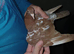 Chocolate Melueman Racing Pigeons RPRA Rung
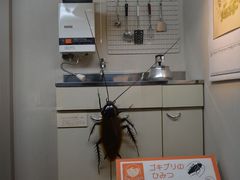 ろっきぃさんさんの大阪市立自然史博物館の投稿写真2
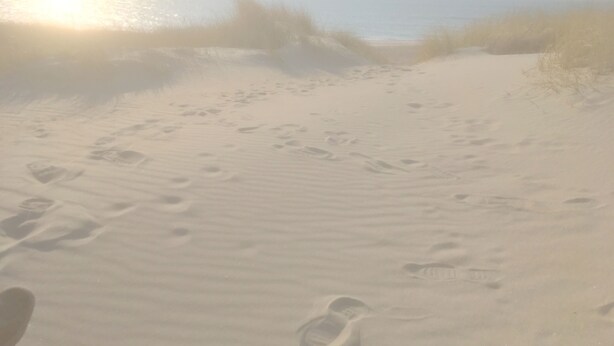 A sandy beach with footprints leading towards the ocean. - Wunderbares Haus nur 20 Meter vom Wasser mit riesengroßes Grundstück! Herrlich. (Dänemark)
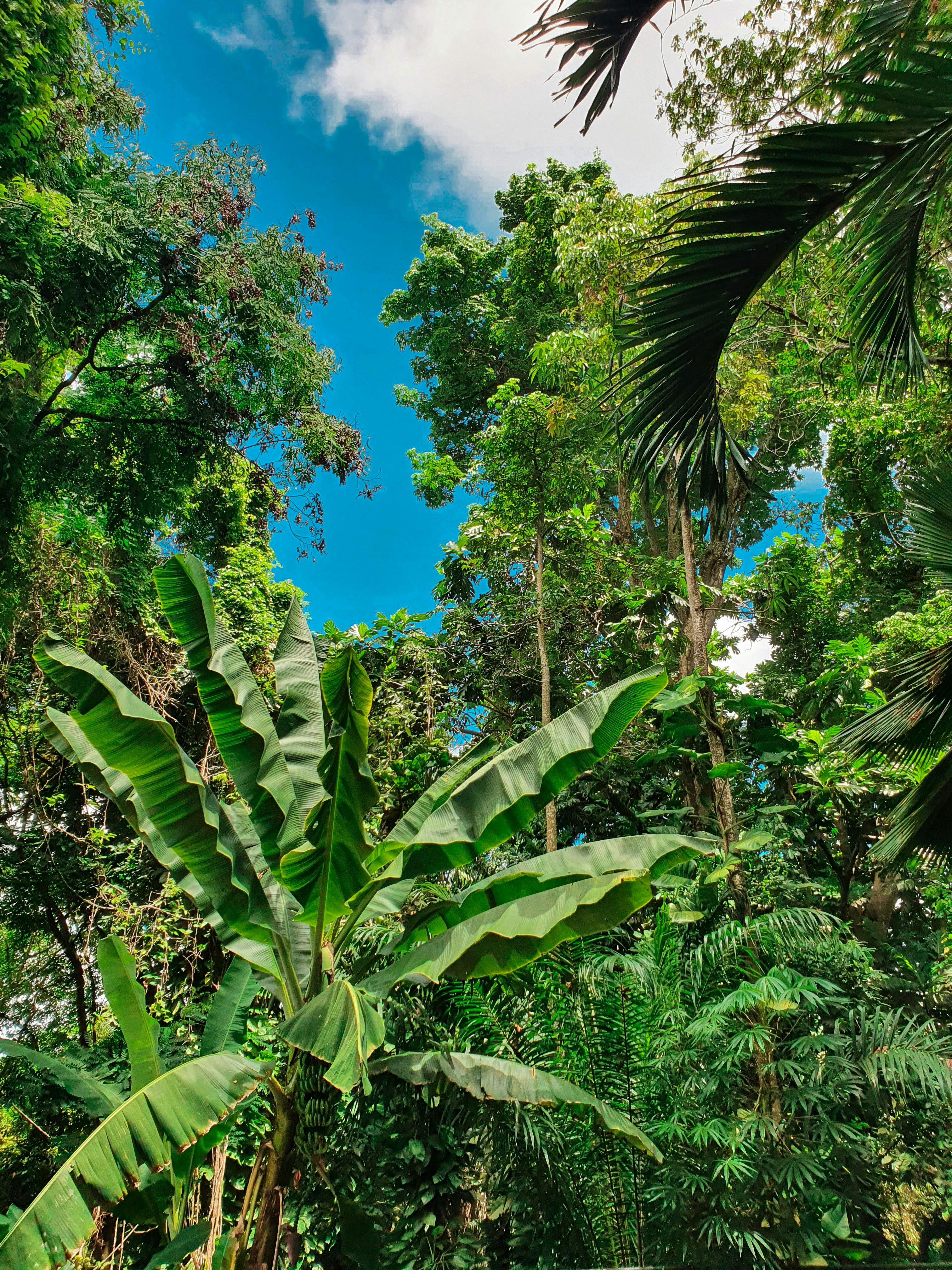 Photo by pedro_henrique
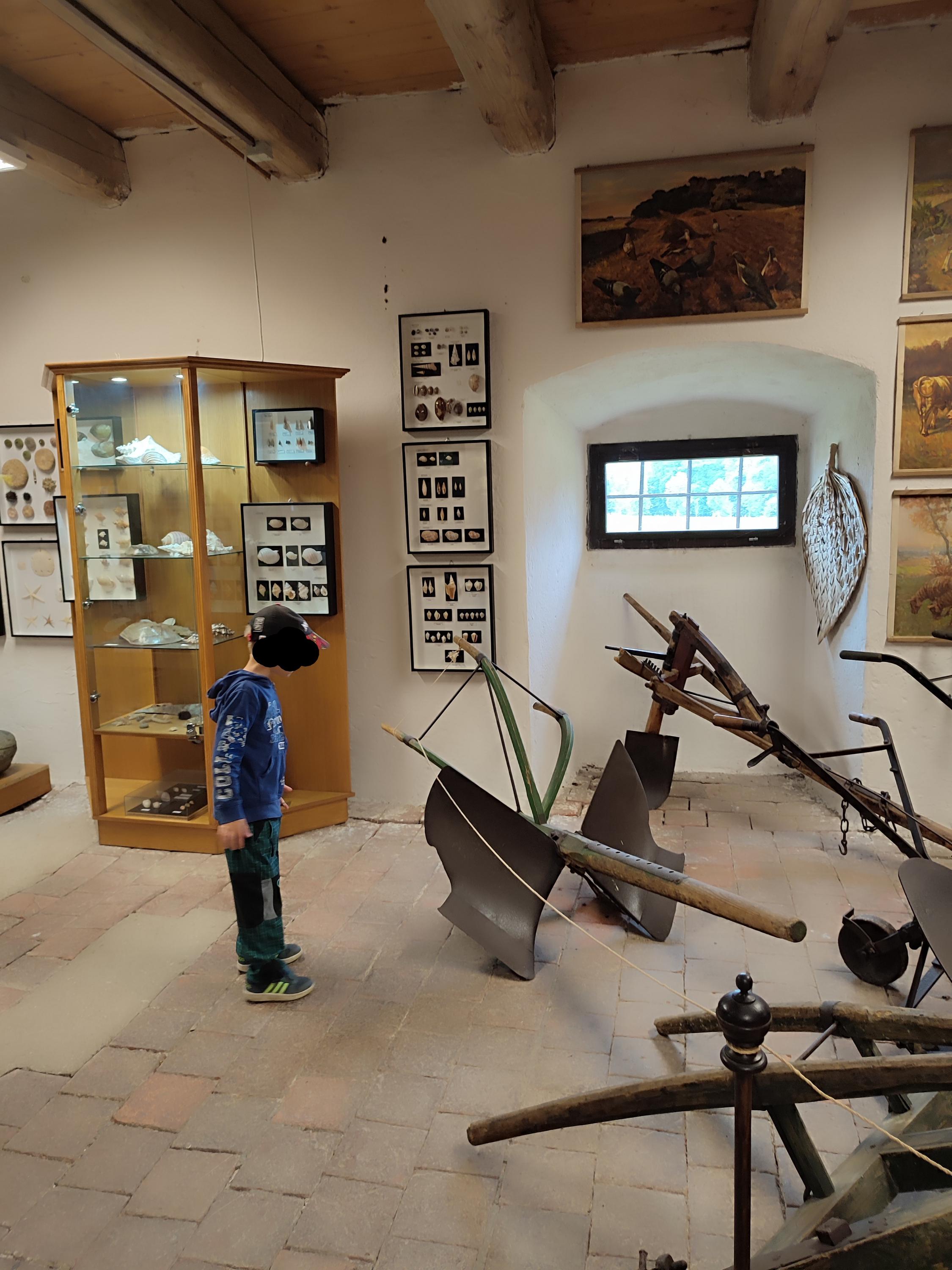 Muzeum přírodovědy a venkova foto 6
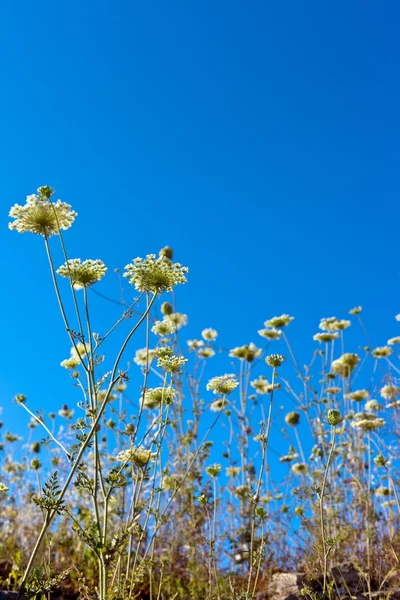 Schöne Blumen am Himmel — Stockfoto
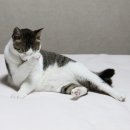 오늘, 그루밍 이미지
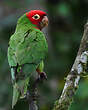 Conure à tête rouge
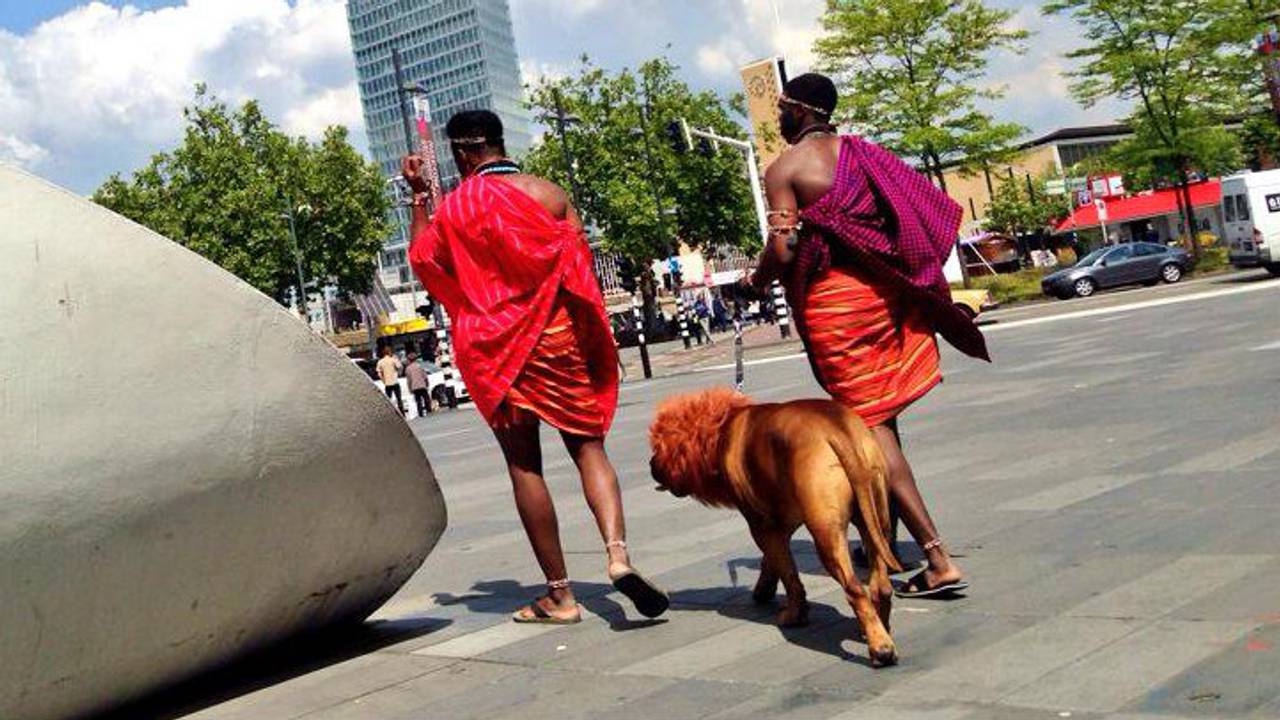 De 'leeuw' (foto: Philip van den Brand)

###

- **Required action**
Put each line of the listing above into the copy exactly, dropping the pictures.

- **Solution**
 Chocolate Melueman Racing Pigeons RPRA Rung
 ろっきぃさんさんの大阪市立自然史博物館の投稿写真2
 A sandy beach with footprints leading towards the ocean. - Wunderbares Haus nur 20 Meter vom Wasser mit riesengroßes Grundstück! Herrlich. (Dänemark)
 Photo by pedro_henrique
 Muzeum přírodovědy a venkova foto 6
 Schöne Blumen am Himmel — Stockfoto
 오늘, 그루밍 이미지
 Conure à tête rouge
 De 'leeuw' (foto: Philip van den Brand)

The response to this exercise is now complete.